Farmers and ranchers are
idling land or planting on rented land elsewhere that has a
well for irrigation. Others have applied for groundwater
permits that allow them to pump that water for irrigation.
The bulk of the Basin’s water originates on the eastern flanks of the Cascades because they receive the most snow of the mountains in the region.
Crater Lake’s slopes
receive more than 65 inches of precipitation on average each
year, while Klamath Falls receives about 13. Nearly three
quarters of the precipitation that falls in the mountains
comes from November through March as rain and snow,
according to a USGS report coauthored by Gannett.
Volcanic soil
The region’s volcanic, porous soil also is crucial to this system. It allows all that water to easily seep into the ground and make it to aquifers beneath the ground.

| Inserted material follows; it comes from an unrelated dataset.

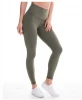 Wholesale Outdoor Fitness Apparel Gym Running Tights Yoga Pants Womens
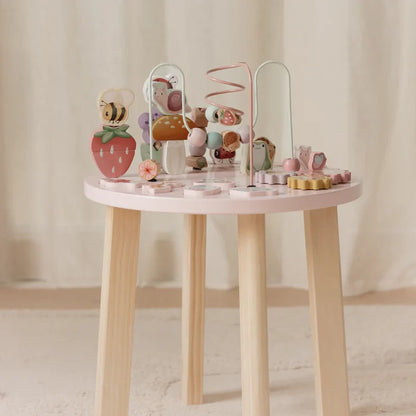 Fairy Garden Wooden Activity Play Table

Gannett said the three primary sources of inflow to Upper Klamath Lake — the Wood, Williamson and Sprague rivers — are heavily dependent upon that groundwater resource.
The Wood River receives the bulk of its water from springs on the eastern edge of its river valley, while spring-fed Spring Creek is a major source for the lower Williamson River.
That doesn’t mean that direct snow melt and rain runoff don’t contribute to river flows. Gannett said it makes sense that inflows to the lake are below average this year, as precipitation was below average during the winter.
River flows
But the river flows
should be fairly close to average during the summer, when
all snow melt is gone because the region has had wet winters
in the last few years that fed into the groundwater system.
“They’re as high now as we’ve seen in the 1980s,” Gannett said of the flows coming from Spring Creek.
That groundwater resource has its limits, though.
During the 2001 water
crisis, numerous irrigators below the lake dug wells to
bring water to their fields when they didn’t get water from
the lake, said Doug Woodcock, manager of the groundwater
section for the Oregon Water Resources Department.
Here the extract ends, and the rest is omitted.